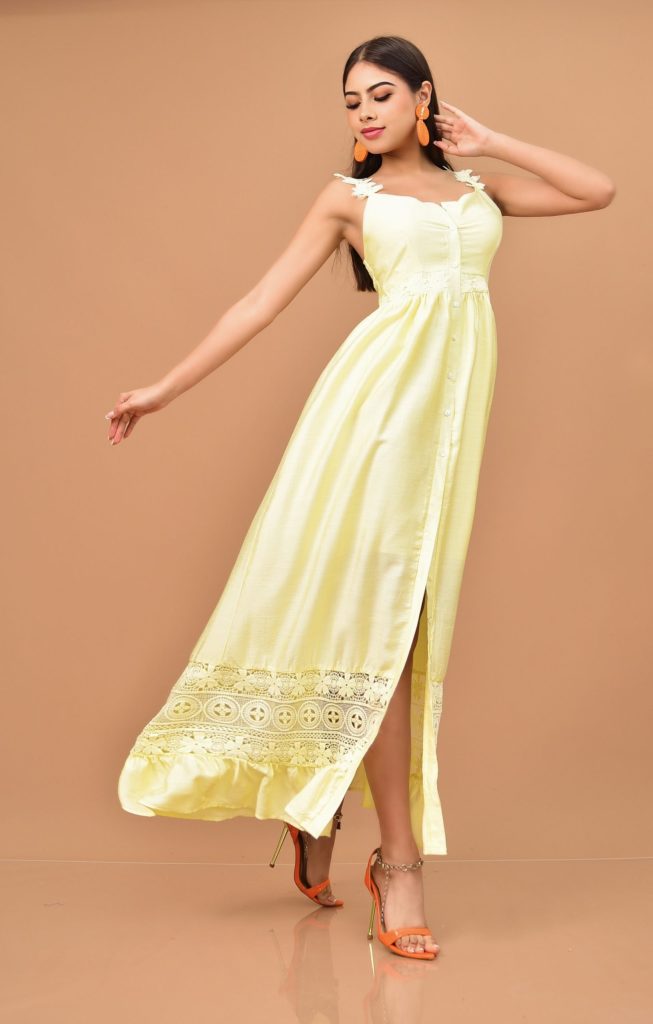 MAXIVESTIDO ESTILO BOHO CHIC CON BOTONES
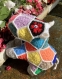 Amigurumi,modèle peluche bébé hippopotame en motifs multicolores,style petit fleur africaine au crochet.format pdf 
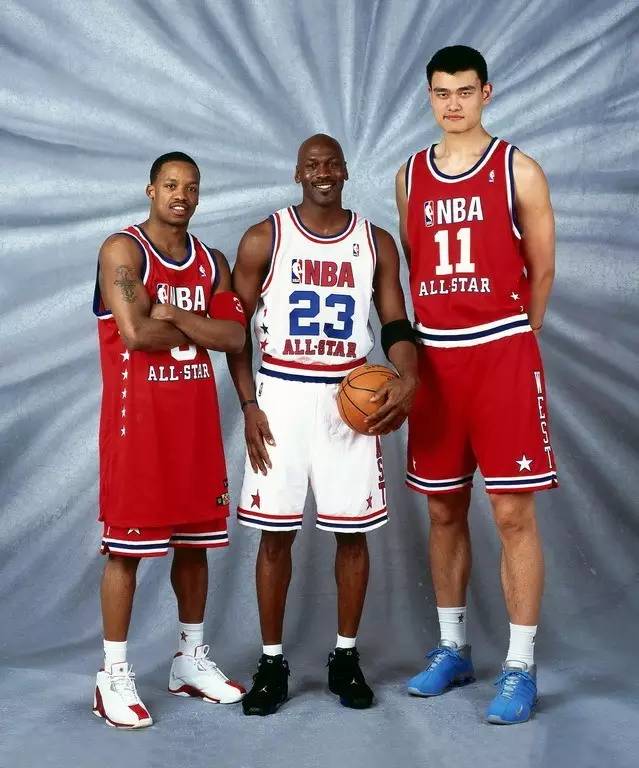 NBA：止痛药助力乔治伤愈出战，全力为76人拼搏奉献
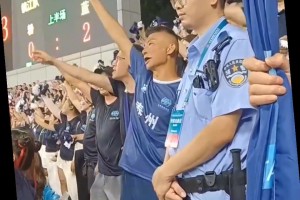 還得繃著！蘇超輔警大哥：這班是一天都不想上了??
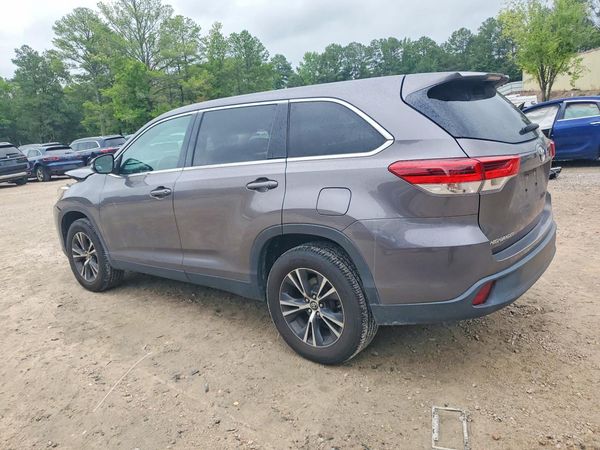 2019 TOYOTA HIGHLANDER LE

> **Exercise instructions**: With the pictures omitted, the entries are to be transcribed in full, exactly as they appear.

> **Completed exercise**:
 MAXIVESTIDO ESTILO BOHO CHIC CON BOTONES
 Amigurumi,modèle peluche bébé hippopotame en motifs multicolores,style petit fleur africaine au crochet.format pdf 
 NBA：止痛药助力乔治伤愈出战，全力为76人拼搏奉献
 還得繃著！蘇超輔警大哥：這班是一天都不想上了??
 2019 TOYOTA HIGHLANDER LE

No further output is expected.